EXERCISE OBJECTIVE: Every line from the one containing "Pro Standard Lakers" to the end of the data below should be copied exactly, but pictures should not.

==*==

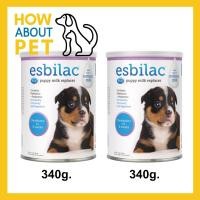ราคา นมลูกสุนัข แบบผง Esbilac สำหรับลูกสุนัขแรกเกิดถึงหกสัปดาห์ 340g. (2กระป๋อง) Esbilac Puppy Milk Replacer Powder 340g. (2u (25062264722)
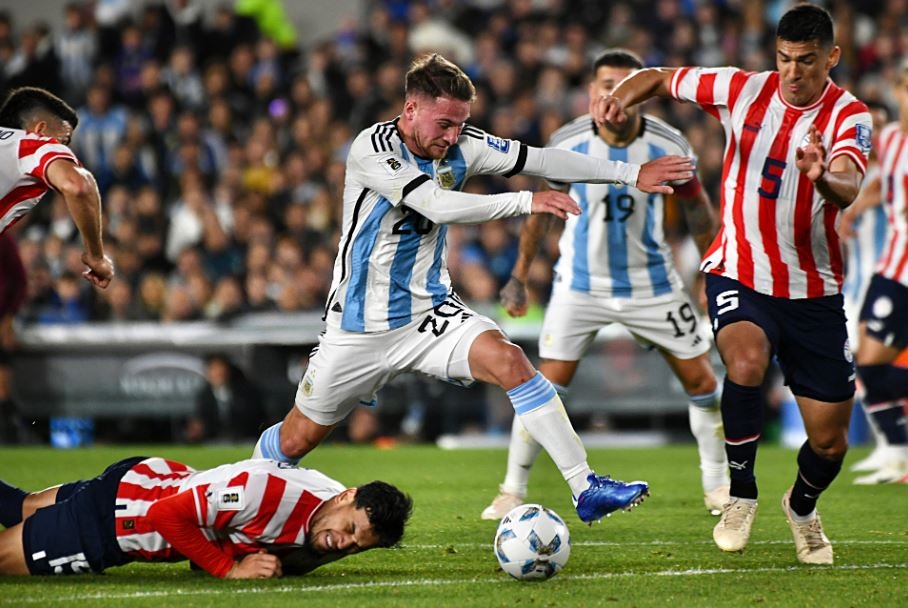 Hasil Kualifikasi Piala Dunia: Argentina Menang Tipis, Brasil-Venezuela Imbang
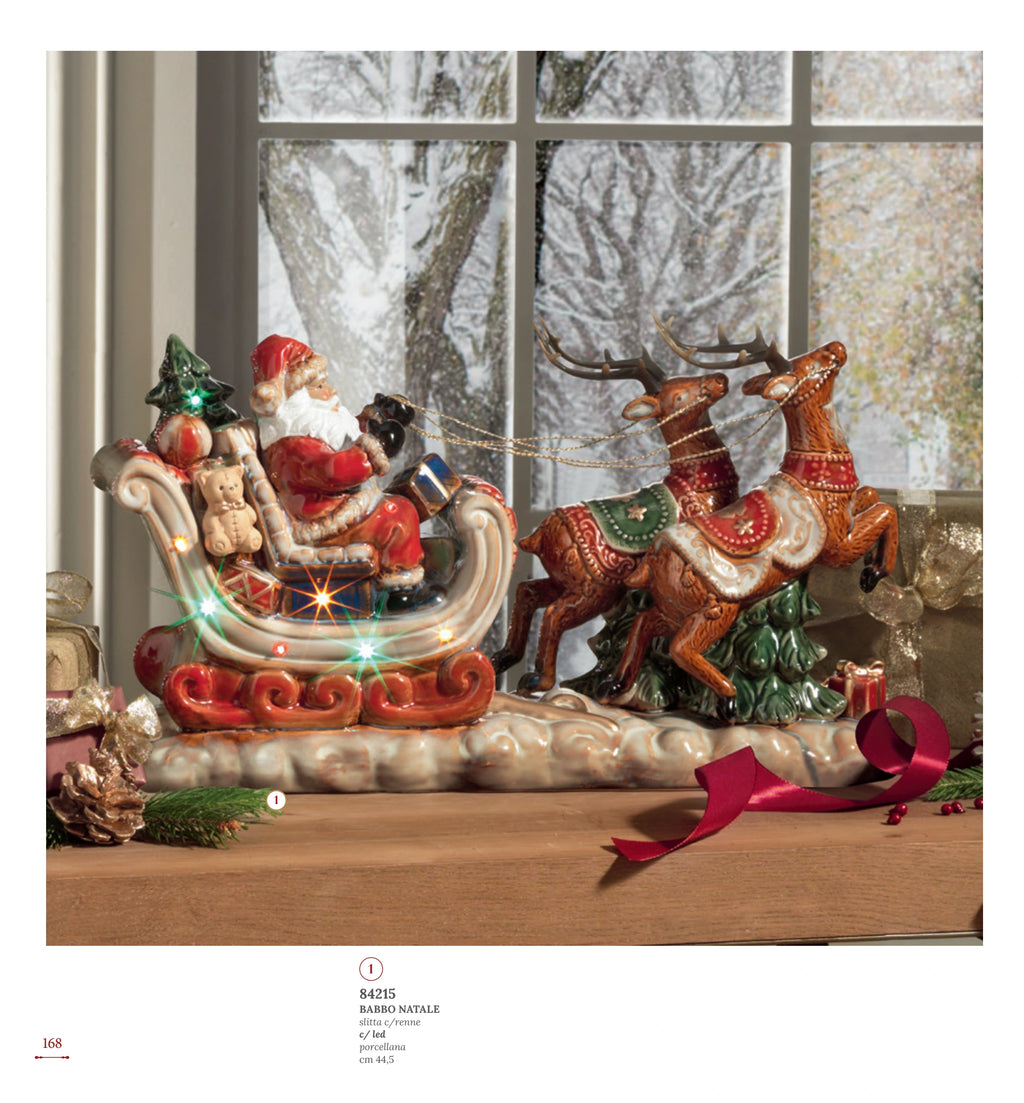 PAPA NOEL C/RENO 44,5 CMS — yebw pág. 171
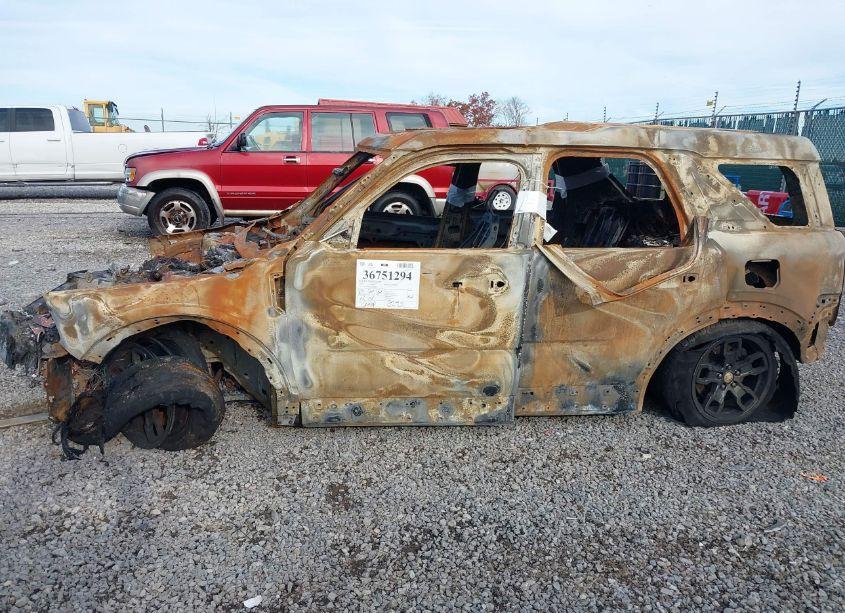 Photo 6 of 2021 Ford Bronco SPORT BIG BEND (VIN 3FMCR9B66MRA60083)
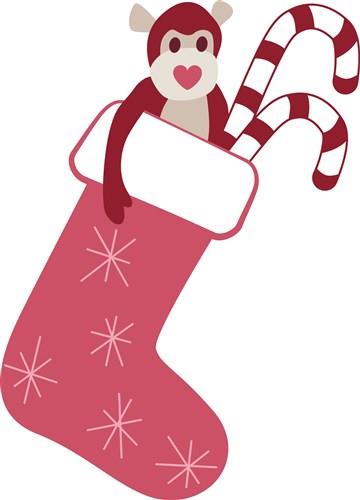Sock Monkey Stocking Sock Monkey Stocking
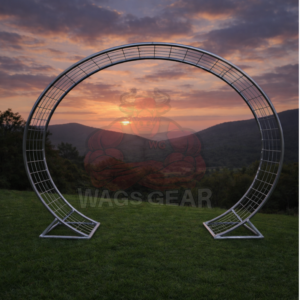 Circular Garden Arbour Moongate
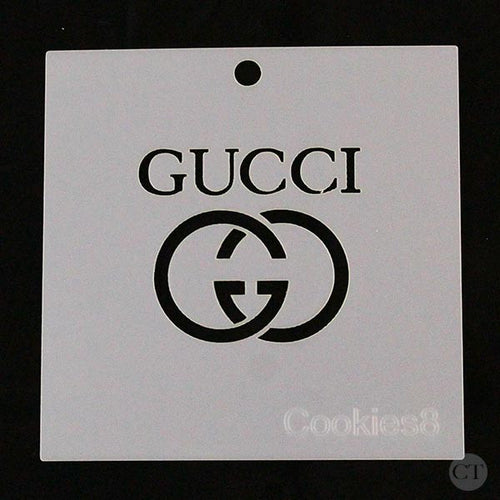 Stencil - Designer Gucci Logo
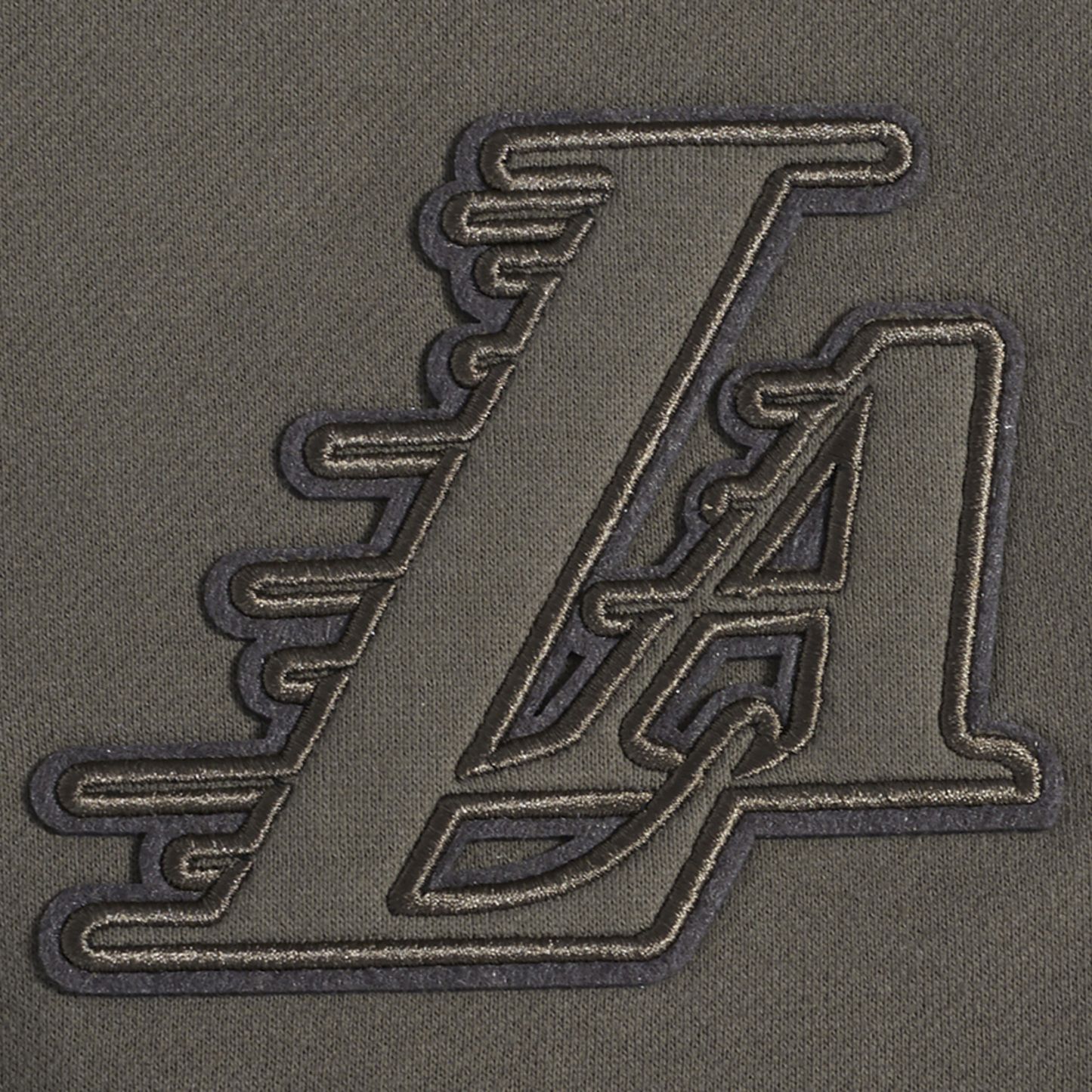Pro Standard Lakers Pullover Hoodie - Men's - Dark Taupe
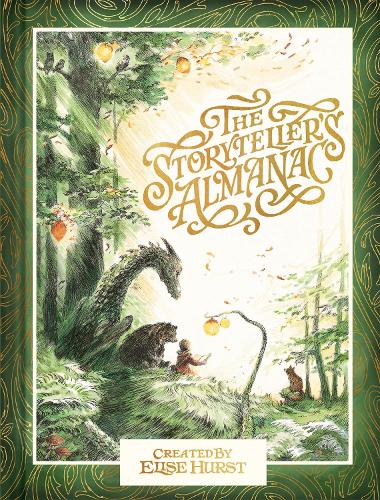 Бумажная книга «The Storyteller's Almanac», автор Элиза Херст - фото №1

==*==

TASK SOLUTION:
Pro Standard Lakers Pullover Hoodie - Men's - Dark Taupe
 Бумажная книга «The Storyteller's Almanac», автор Элиза Херст - фото №1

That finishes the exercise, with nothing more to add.